In the office, connection happens by accident. You overhear a conversation and join in. You sit next to someone at lunch who you don't normally work with. You notice when someone's having a bad day because you can see their face.
Remote work strips out all the accidental connection. What's left is intentional connection, and most teams aren't building any.
55%
of remote workers reported feeling disconnected from colleagues during NZ lockdown
Source: AUT NZ Work Research Institute, Wellbeing & Remote Work Survey, 2020
What We Tried
The Non-Work Check-In
Every morning, before the standup, we spend five to ten minutes talking about anything that isn't work. What people watched last night. What they cooked. How their kids are handling it. Whether their flatmate is driving them mad.
This felt inefficient at first. It's not. It's the minimum viable version of the hallway conversation, the coffee queue chat, the before-meeting small talk that creates social bonds. Without it, your team becomes a group of contractors who happen to use the same Slack workspace.
Virtual Coffee (Randomised Pairs)
Once a week, we randomly pair two team members for a twenty-minute video call. No agenda. No work topics required. Just two people having a conversation. Some of these are awkward. Most aren't. A few have been genuinely meaningful, connecting people who rarely interact in their normal project work.
You can't design spontaneity. A random pairing with no agenda and no expectation is about as close to a hallway encounter as remote work gets.
Rainui Teihotua
Chief Creative Officer
Show and Tell (Fridays)
Every Friday, someone shares something. It doesn't have to be work-related. One developer showed us his sourdough starter. Another walked us through a personal coding project. Our project lead shared a te reo Māori lesson she'd been doing online.
The point isn't the content. It's the vulnerability of sharing something personal with colleagues. That vulnerability builds trust faster than any team-building exercise I've encountered.
The Camera Convention
We settled on a rule: cameras on for meetings, cameras optional for focus work calls. The distinction matters. Meetings are social. You need faces. But when two developers are pairing on a bug, forcing cameras adds nothing except self-consciousness.
What I'm Watching For
The Quiet Withdrawal
The biggest risk in remote teams isn't conflict. It's withdrawal. Someone who stops contributing in discussions. Someone who turns their camera off more often. Someone whose Slack messages get shorter and less frequent.

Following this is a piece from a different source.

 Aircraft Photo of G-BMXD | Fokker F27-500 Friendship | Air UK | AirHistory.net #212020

In an office, you'd notice. You'd see the body language. You'd catch them staring at their screen with that specific kind of blankness that means they're not thinking about code. Remote makes withdrawal invisible until it's serious.

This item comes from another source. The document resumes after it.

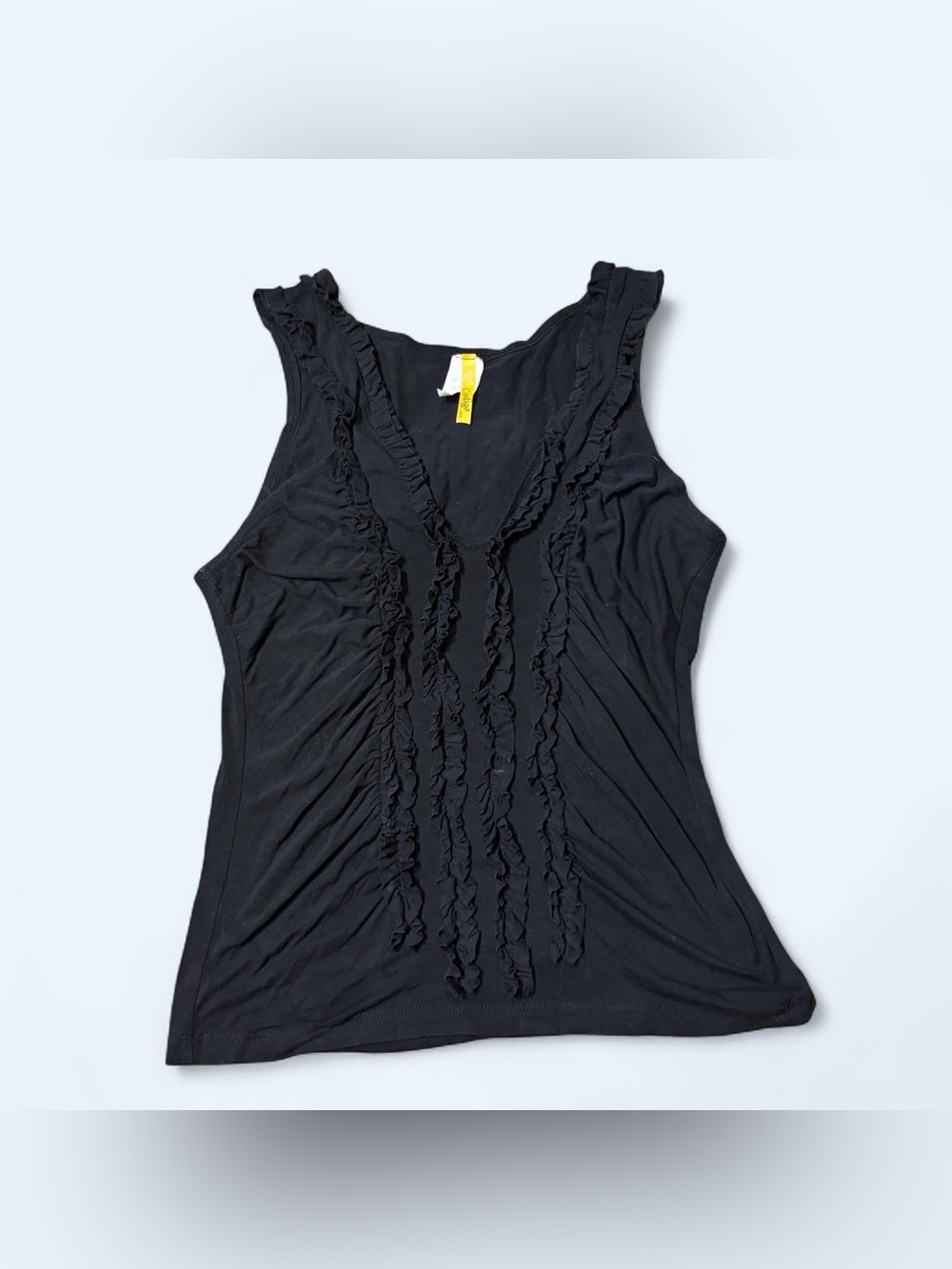 Goth Black Ruffle Tank Top by Codigo! - Picture 4 of 8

I've started paying attention to participation patterns the way I pay attention to design patterns. Who spoke in the meeting? Who didn't? Has someone gone quiet who's normally engaged? These signals aren't metrics. They're design cues for the team experience.
The Overwork Trap
Some people respond to isolation by overworking. They fill the loneliness with tasks. They stay online late because there's nothing else to do and working feels productive. From a delivery perspective, this looks great. High output. Always available.
It's not great. It's someone substituting work for human connection, and it's unsustainable. When we see someone consistently online past hours, the response isn't praise. It's a conversation. Usually that conversation reveals something worth knowing.
Design Principles for Remote Culture
After six weeks, I've landed on a few principles that feel right:
Make the implicit explicit. Everything that happened naturally in the office needs a deliberate mechanism remotely. Connection, mentoring, feedback, recognition, none of it happens by default anymore.
Design for the introverts. Not everyone thrives in video calls. Some people connect better through writing, through shared documents, through async collaboration. A remote culture that only values speaking up in meetings will lose its quieter contributors.
Rituals beat events. A weekly random coffee pairing builds more connection than a monthly virtual quiz night. Frequency and consistency matter more than novelty.
Watch for silence. In a remote team, silence isn't golden. It's a warning sign. Someone who goes quiet needs a check-in, not space.
We're learning this as we go. I don't think anyone has it figured out. But treating team experience as a design problem, with the same rigour we apply to user experience, feels like the right frame.